Un impact écologique majeur
La transformation des bureaux abandonne partiellement le schéma traditionnel du “détruire pour reconstruire”, réduisant drastiquement l’empreinte carbone. Adam Yarinsky, fondateur de l’Architecture Research Office, insiste : réutiliser un bâtiment existant permet d’éviter les émissions dues à la démolition. Steven Paynter, de Gensler, va plus loin : le secteur de la construction génère 40 % des émissions mondiales de carbone, contre seulement 2 % pour l’aviation.
Réhabiliter un immeuble désaffecté peut ainsi diviser par deux son empreinte carbone, tout en préservant des ressources. Cette approche s’inspire de l’Europe, où l’adaptation architecturale fait partie de la culture urbaine depuis longtemps, contrairement aux États-Unis où la logique du neuf a longtemps dominé.
Une nouvelle façon d’habiter la ville
Au-delà des bénéfices écologiques, ces projets séduisent les habitants en quête d’originalité et de confort.
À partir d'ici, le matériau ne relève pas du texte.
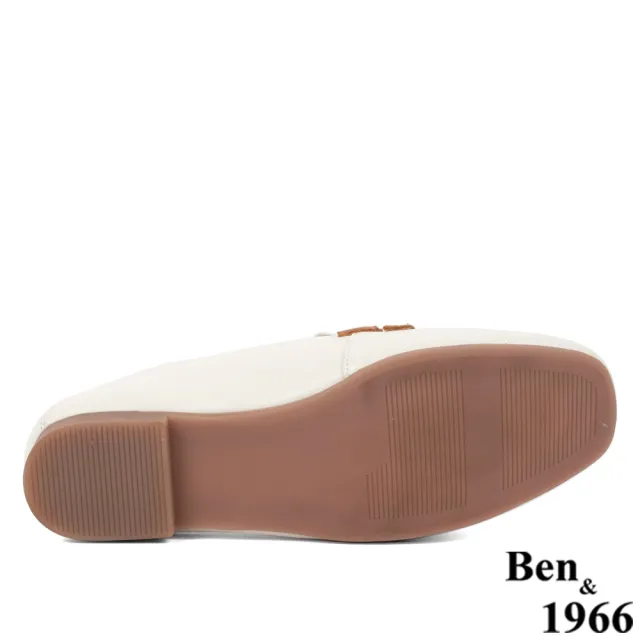 【Ben&1966】Ben&1966高級頭層牛皮個性金屬鍊樂福鞋-米白236134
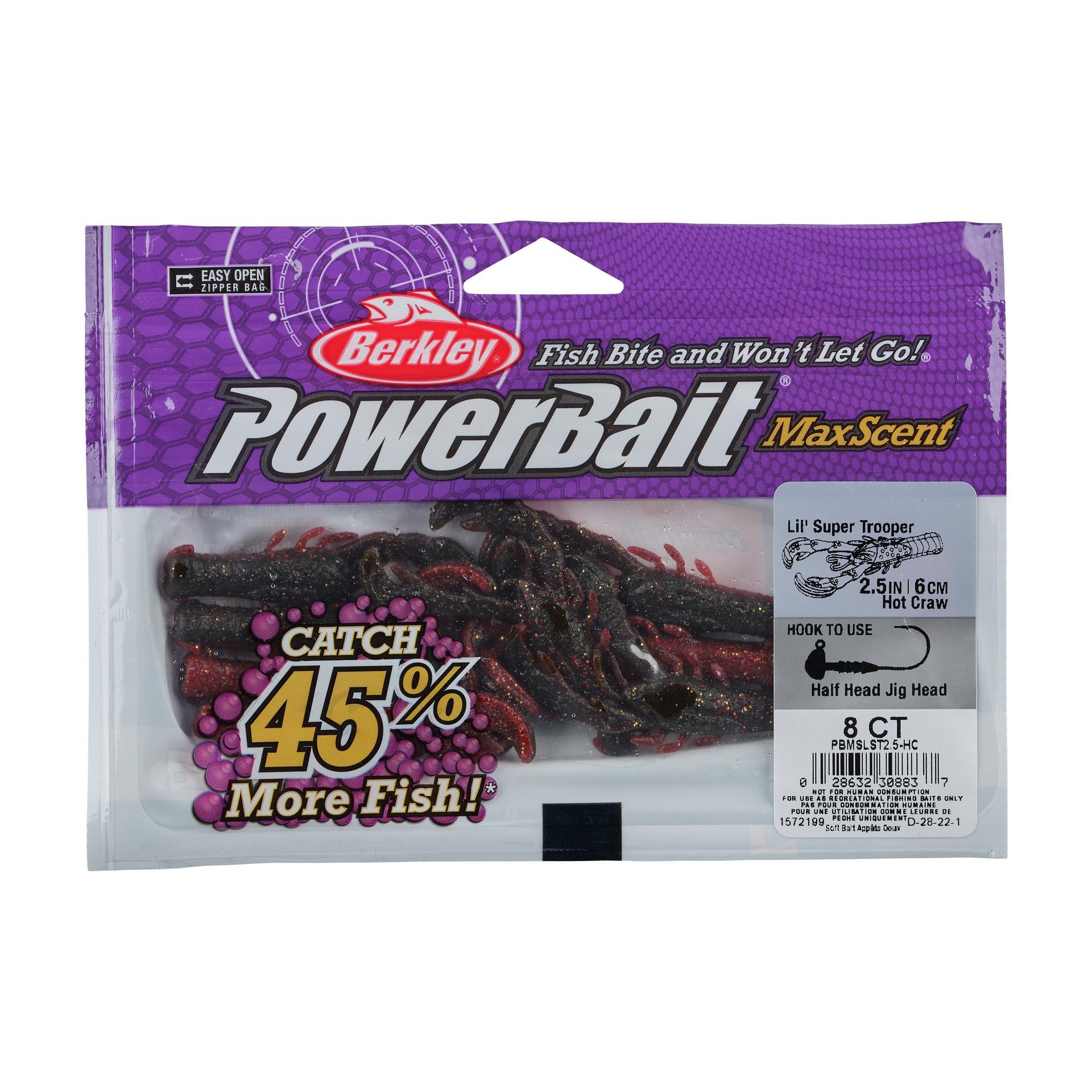 Berkley PowerBaitMaxScentLil'SuperTrooper HotCraw PKG | Berkley Fishing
À Baton Rouge, un édifice brutaliste a été transformé en résidences atypiques aux plafonds de béton bruts avec vue panoramique sur le Mississippi. À New York, l’immeuble Pearl House offre un mode de vie intégré : gymnase, spa, piste de bowling, et 40 000 pieds carrés d’espaces collectifs.
Contrairement aux immeubles classiques, ces logements bénéficient souvent de volumes généreux, comme à Pearl House, où les plafonds atteignent 3,3 mètres.
Ces reconversions ne se contentent pas d’occuper l’espace : elles reconfigurent la ville elle-même, métamorphosant l’héritage professionnel du XXe siècle en habitats innovants pour le XXIe siècle.